今年の年越しは、利用者と介助者で秩父旅行でした。部屋に集まって年越しを待っていると、となりで横になっていた石田さんが語り始めました。「すえながー!(通信でおなじみの末永さん)入所施設ぶっつぶそう!みんな地域へ出そう!」

いよいよ年越しが迫ると熱が入ってきて「ぼくがシセツから出すから、介助者の待遇改善をして受け入れ体制を作ってくれ!」とても印象深い時間でした。「ゆく年くる年」の映像と除夜の鐘の音をバックにして投げかけられる、刺激的な言葉はもちろん、周りを囲んでいた介助者たちが「また始まった」という感じで聞き流しているのもシュールでした。

石田さんが作ったグッドライフは、その「叫び」がそのまま形になったような実践をしています。障害種別を問わず多くの自立生活を支え、職員の仕事の満足度は高そうです。「シセツは良くない、シセツから出そう。」でも、最近の介助者にとっては、イメージがしにくくなっている気がします。「ノーマライゼーションの歴史」に登場する白黒の巨大施設をイメージする人がいるかもしれません(写真:カナダ・オンタリオ州のサイトから)。
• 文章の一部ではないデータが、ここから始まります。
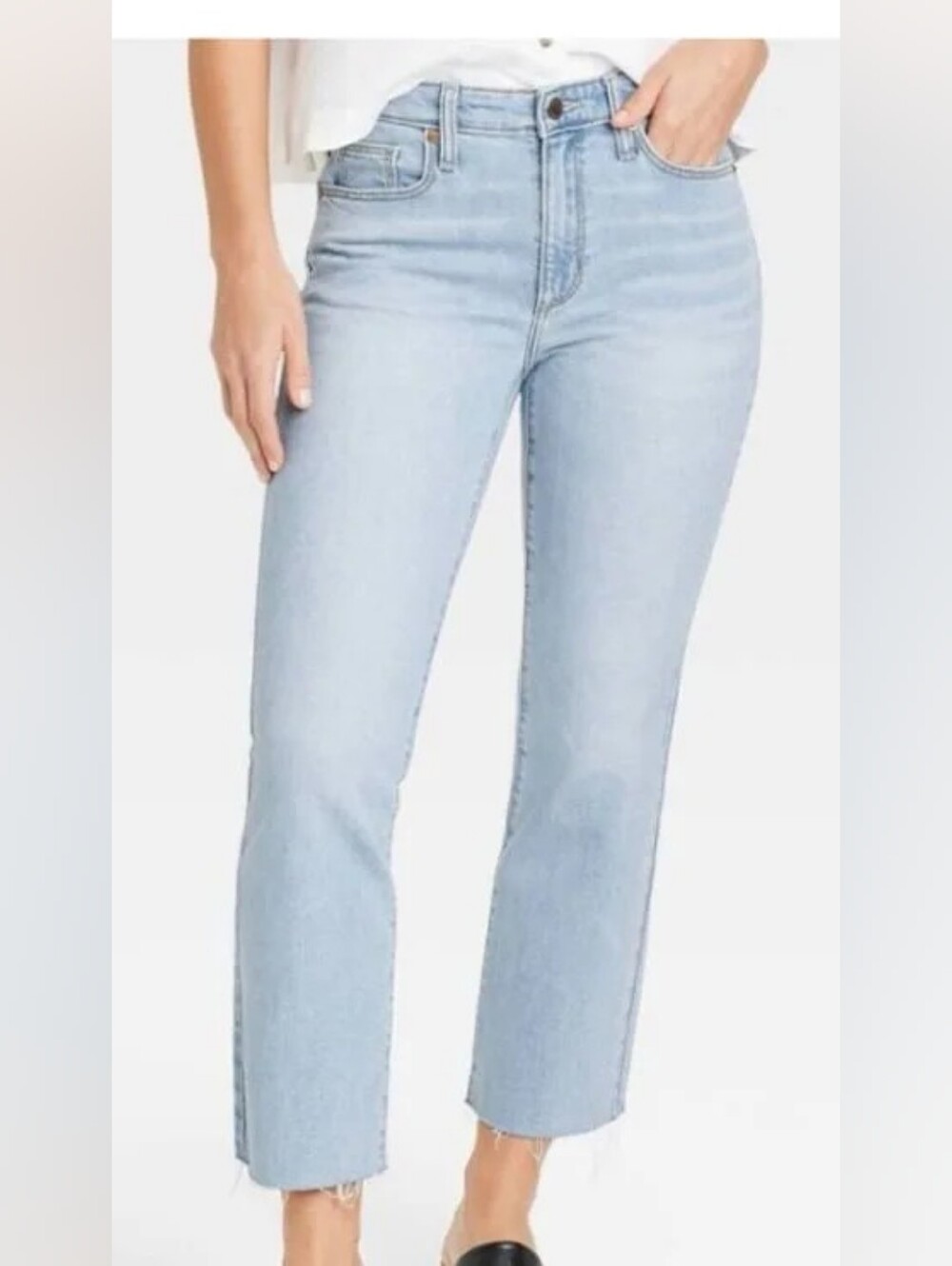Universal Thread Light Blue Straight Leg Jeans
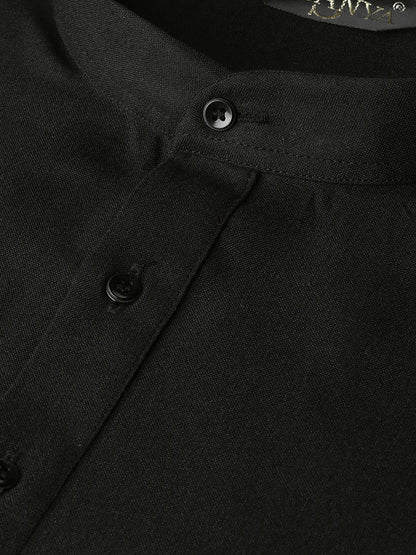 Sojanya Men Black Solid Straight Kurta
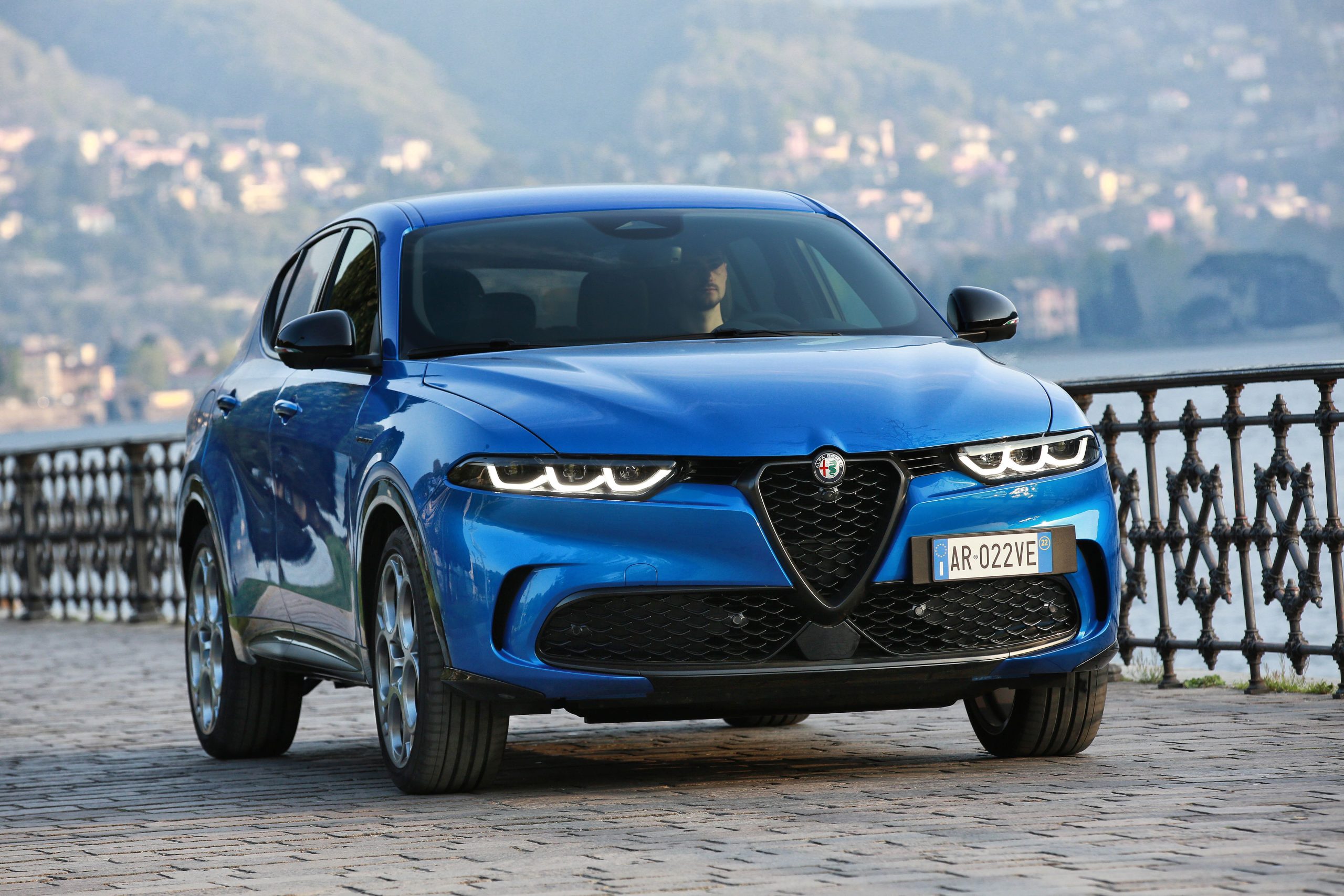 Unveiling the 2023 Alfa Romeo Tonale: A Comprehensive Review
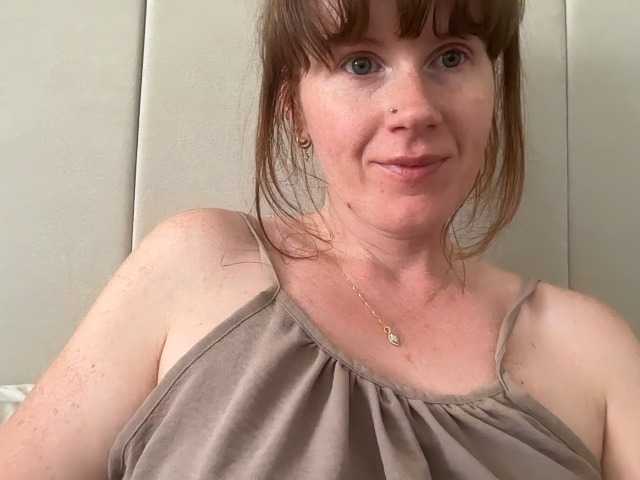 REDHEADROSIE online show from August 13, 2:31 pm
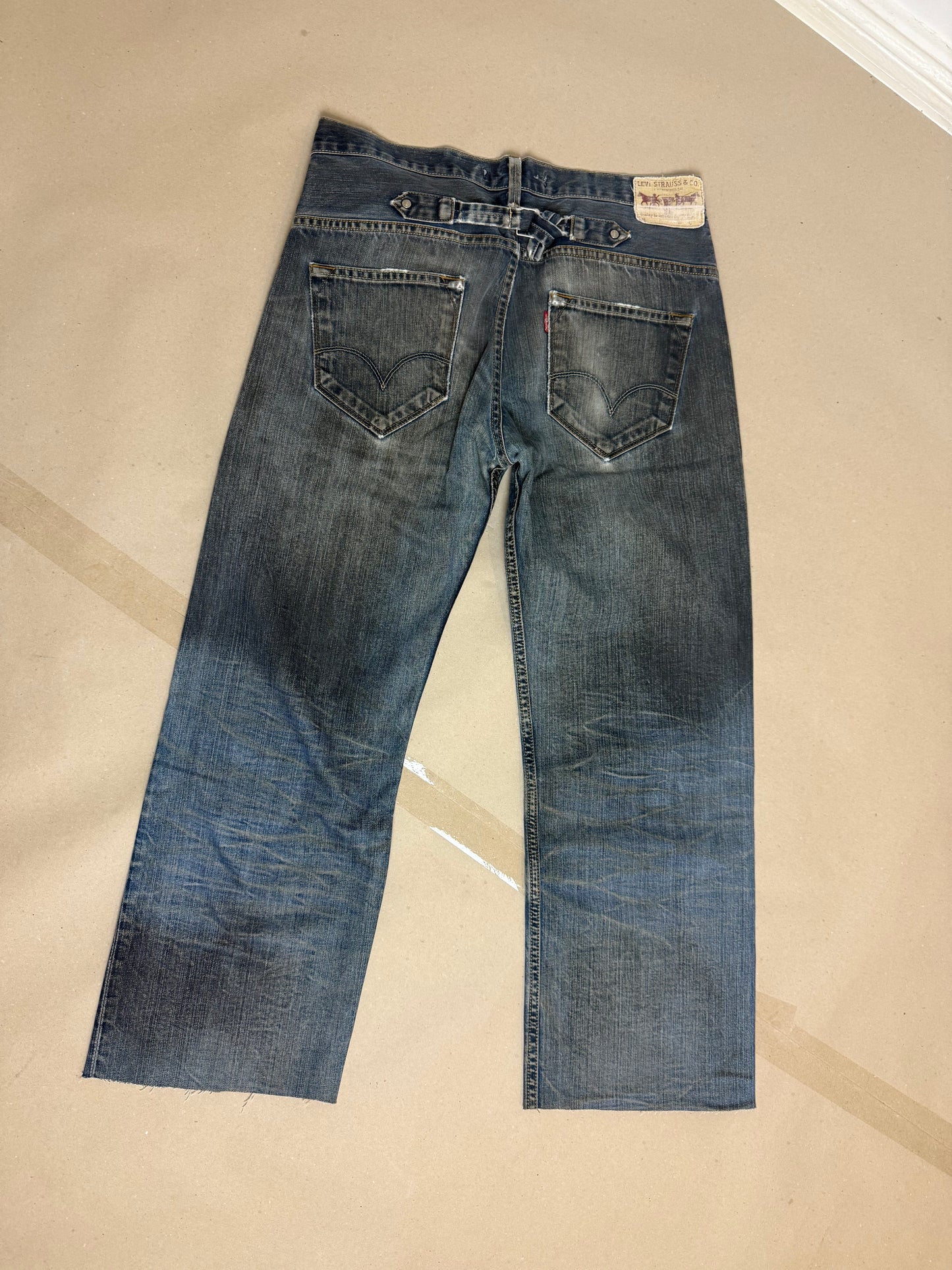 2000s Levi’s antiform buckle W36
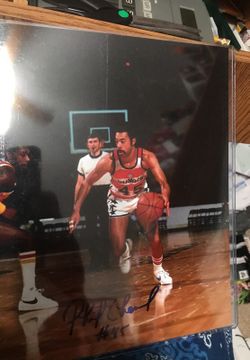 8X10 signed photo of Phil Chenier w/card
問題意識としては有りかもしれませんが「石田さんが施設に呼びかけに行って本人が望めば出られる」という、いい意味での「交流」がしにくくなる恐れもあります。「今どきのシセツってどんな感じなのか」現場の目線で書いてみたいと思います。「扉の向こう側」との橋渡しになれればいいなと思っています。